Member of the Georgia House of Representatives from the 144th district
- In office 2008 – January 14, 2019
- Preceded by: Jimmy Pruett
- Succeeded by: Danny Mathis

Personal details
- Born: September 7, 1943 (age 82) Macon, Georgia, U.S.
- Party: Democratic (?–2010) Republican (2010–present)

= Bubber Epps =

American politician

James A. "Bubber" Epps (born September 7, 1943) is an American politician. Epps is a retired paving contractor, living in Dry Branch. He previously served as a member of the Georgia House of Representatives from the 144th District, serving from 2008 until Jan. 14, 2019. He is a member of the Republican party.

==Biography==
He was born in Bibb County and graduated from Twiggs County High School. He studied at Brewton Parker College and Mercer University, gaining a Bachelor of Science in Political Science and a master's degree in Education. He spent the early years of his adult life in education working at the University of Georgia and then joined his family's paving business, Epps Brothers Construction Company, Inc. where he retired in 2007.

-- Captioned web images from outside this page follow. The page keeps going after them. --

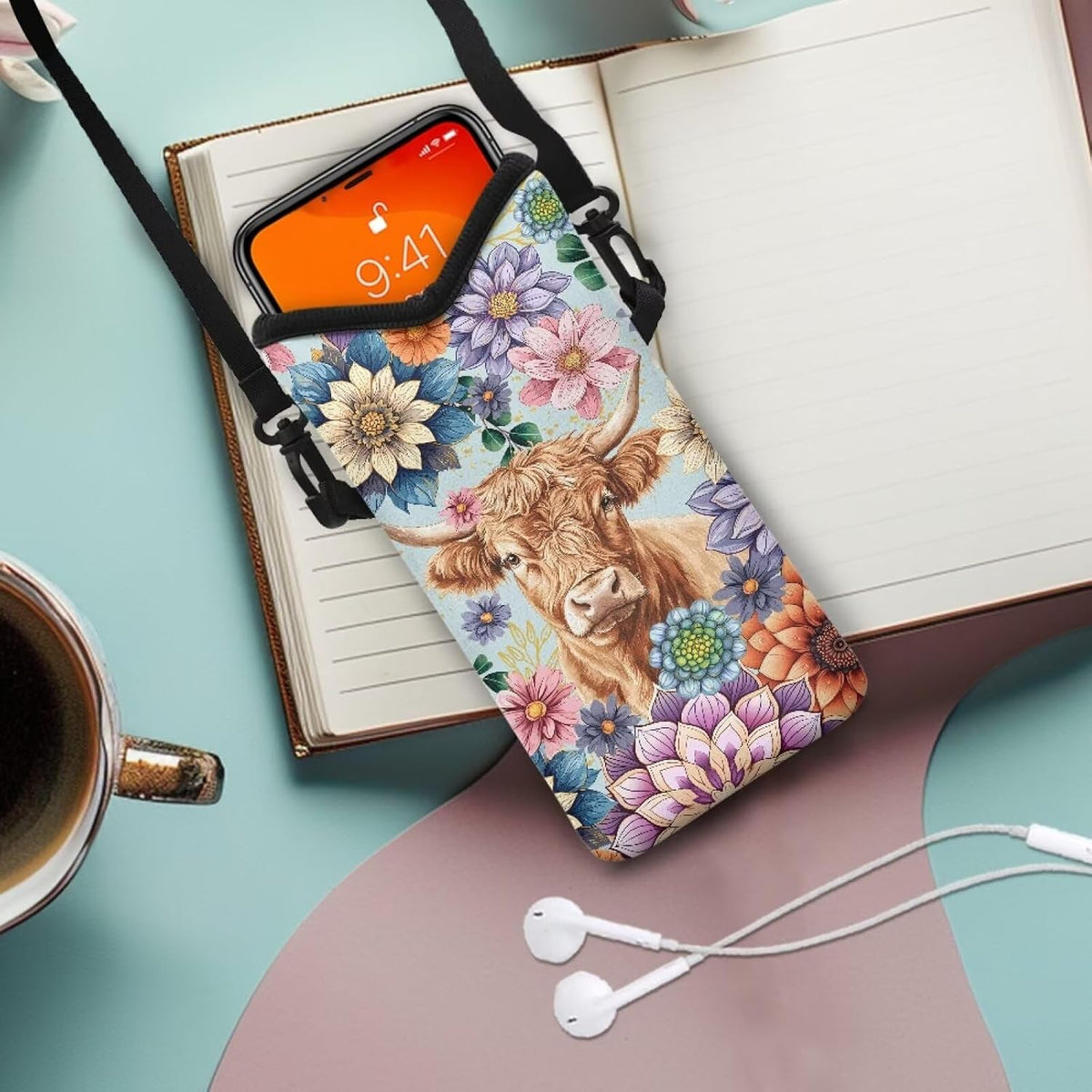 Neoprene Cross Body Phone Bag Pouch for Women Men Waterproof Small Crossbody Bag Protective Smartphone Case Pouch for Cellphone, Keys, Earbuds, Passport, Glitter Butterfly Sparkle Blue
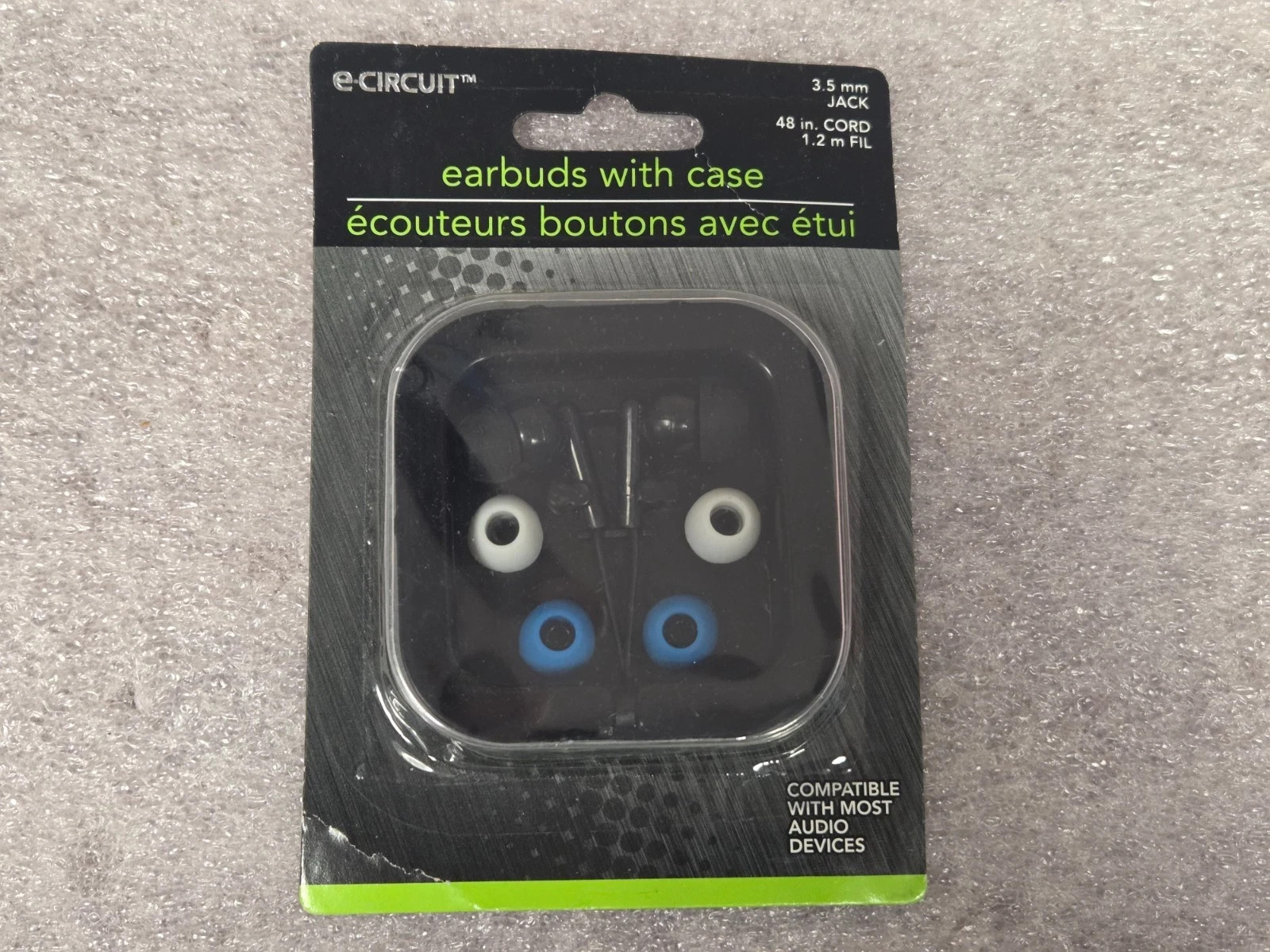 E-Circuit- Earbuds with case – 3.5 MM connection – 48″ Cable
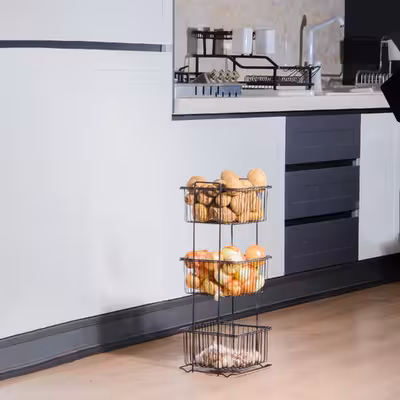 سبد سیب زمینی و پیاز پیشواز صنعت مدل سه طبقه مفتولی مربع کد 1510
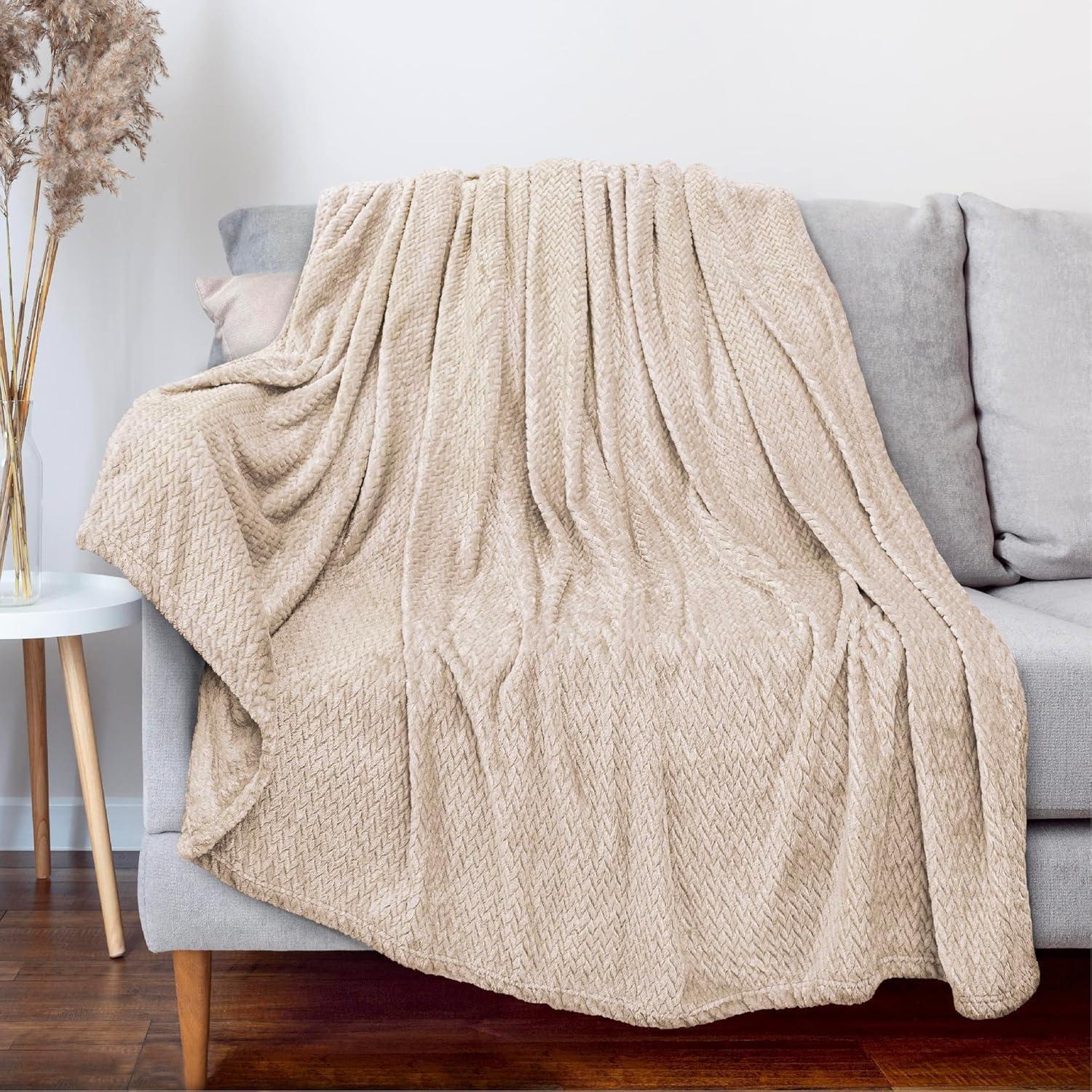 Plush Textured Waffle Knit 60”L x 50”W Lightweight Reversible Microfiber Sherpa Throw Blanket for Adults, Kids, Pets, Beds, Couches and Loveseats in Cream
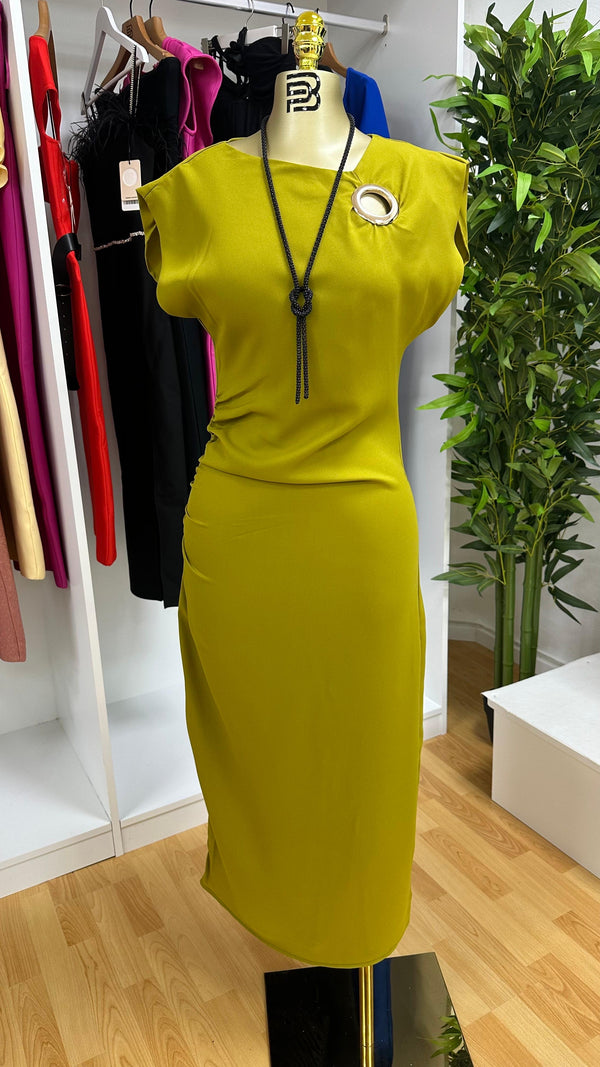 green strapless dress 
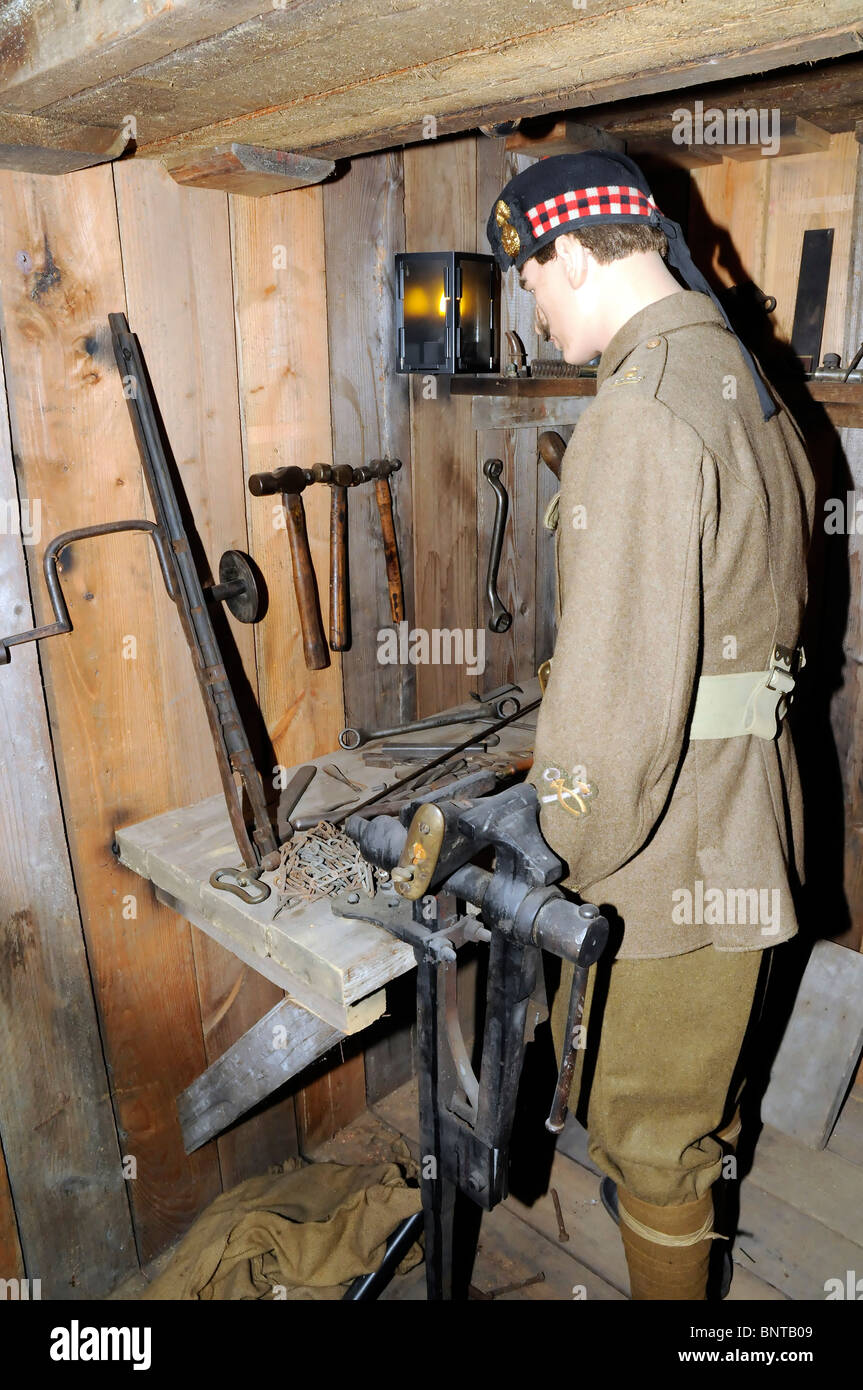 Workshop room in the trench and dugout reconstruction of the Memorial Museum Passchendale 1917, Zonnebeke Chateau, Belgium Stock Photo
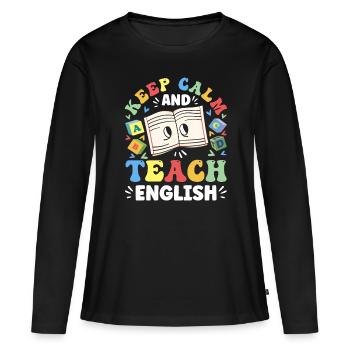 Professeur d’anglais Apprenant d’anglais Professeur d’anglais ELL - T-shirt manches longues Premium bio Femme - noir - Devant - Julia (174cm)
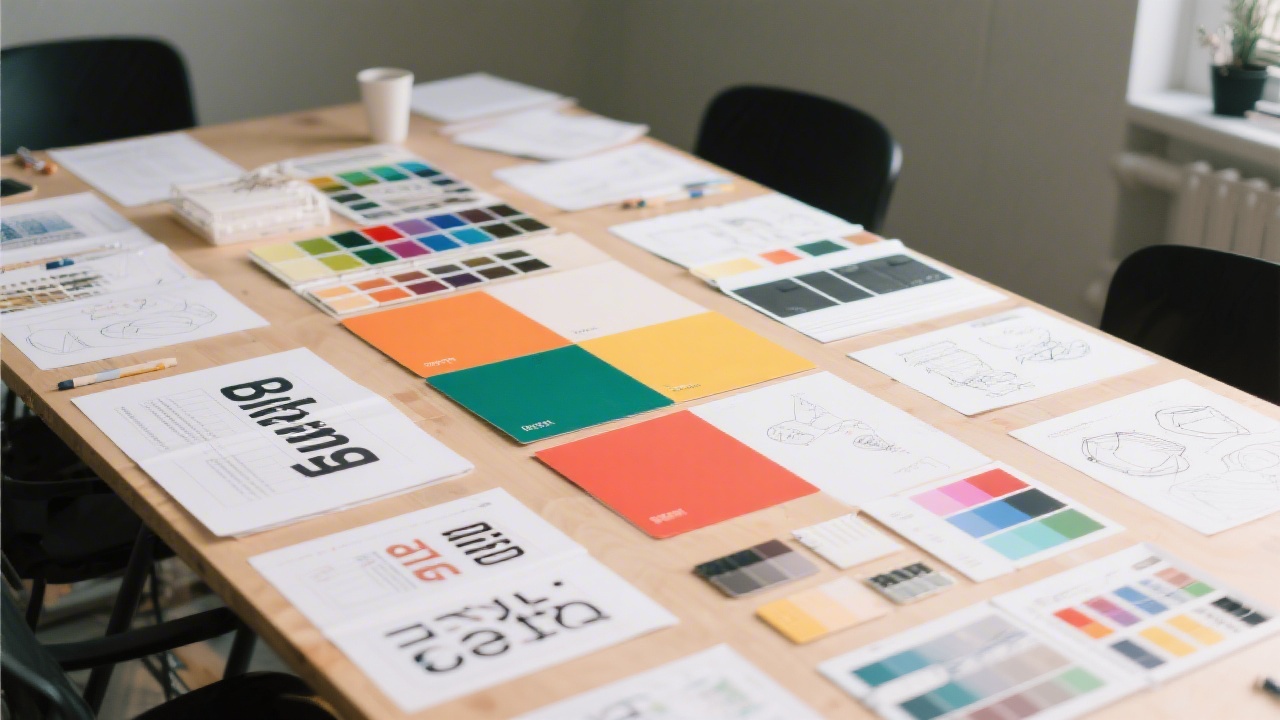 Creative brand workshop table with color palettes, typography samples, and layout sketches, representing structured brand and content education for agencies.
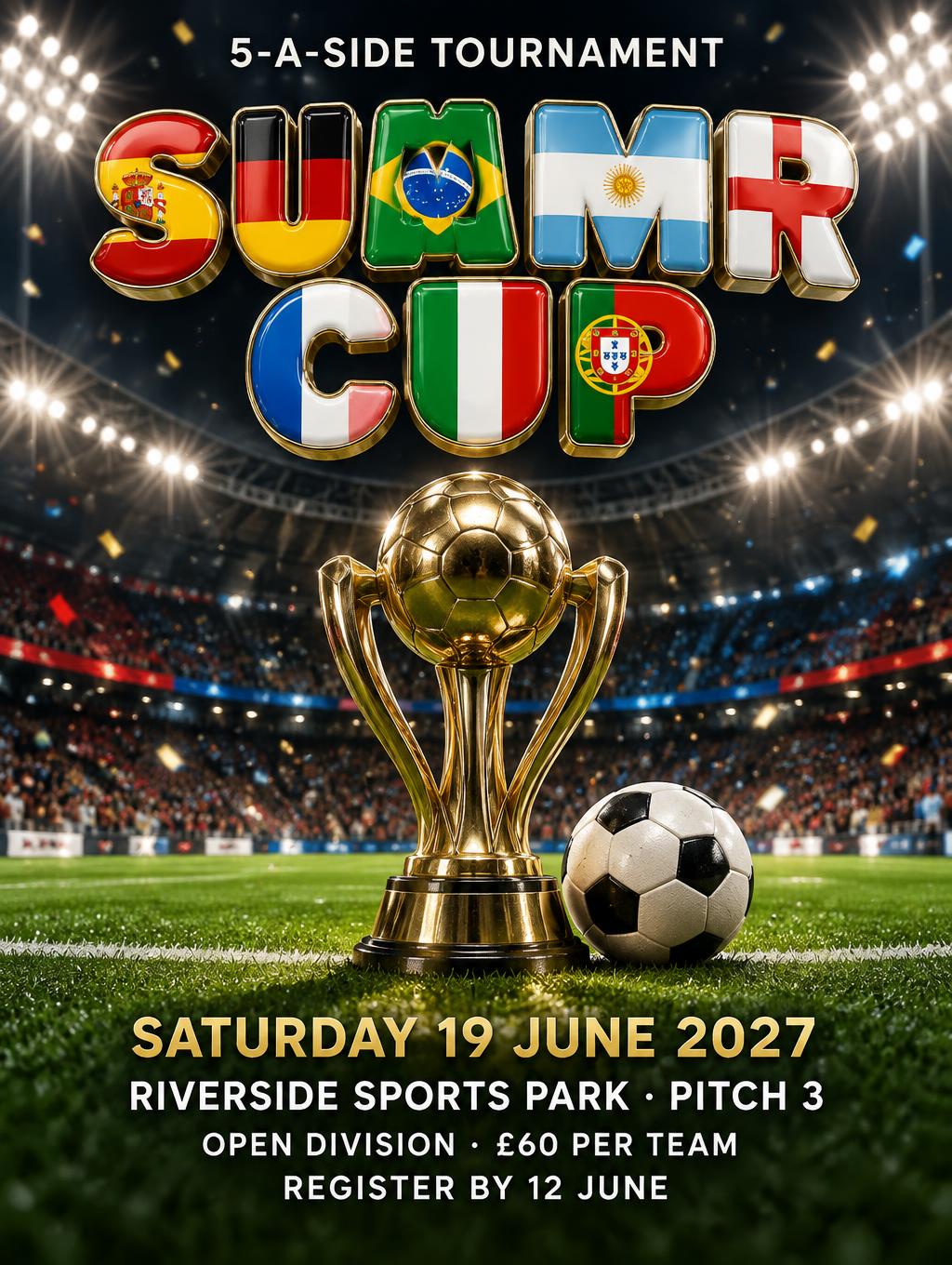 "SUMMER CUP
5-A-SIDE TOURNAMENT
SATURDAY 19 JUNE 2027
RIVERSIDE SPORTS PARK · PITCH 3
OPEN DIVISION · £60 PER TEAM
REGISTER BY 12 JUNE" — Sports Football | AI Text Effect Generator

He is married to Kathryn. They have three children, eight grandchildren and two great grandchildren. Epps is a lifelong member and a Deacon of Antioch Baptist Church in Dry Branch.

==Political career==
Epps represented the 144th district, covering Bleckley, Twiggs and Wilkinson Counties as well as parts of Bibb, Houston, Jones and Laurens Counties, from 2009 to 2019.

He was chairman of the House Motor Vehicles Committee and secretary of the House Transportation Committee.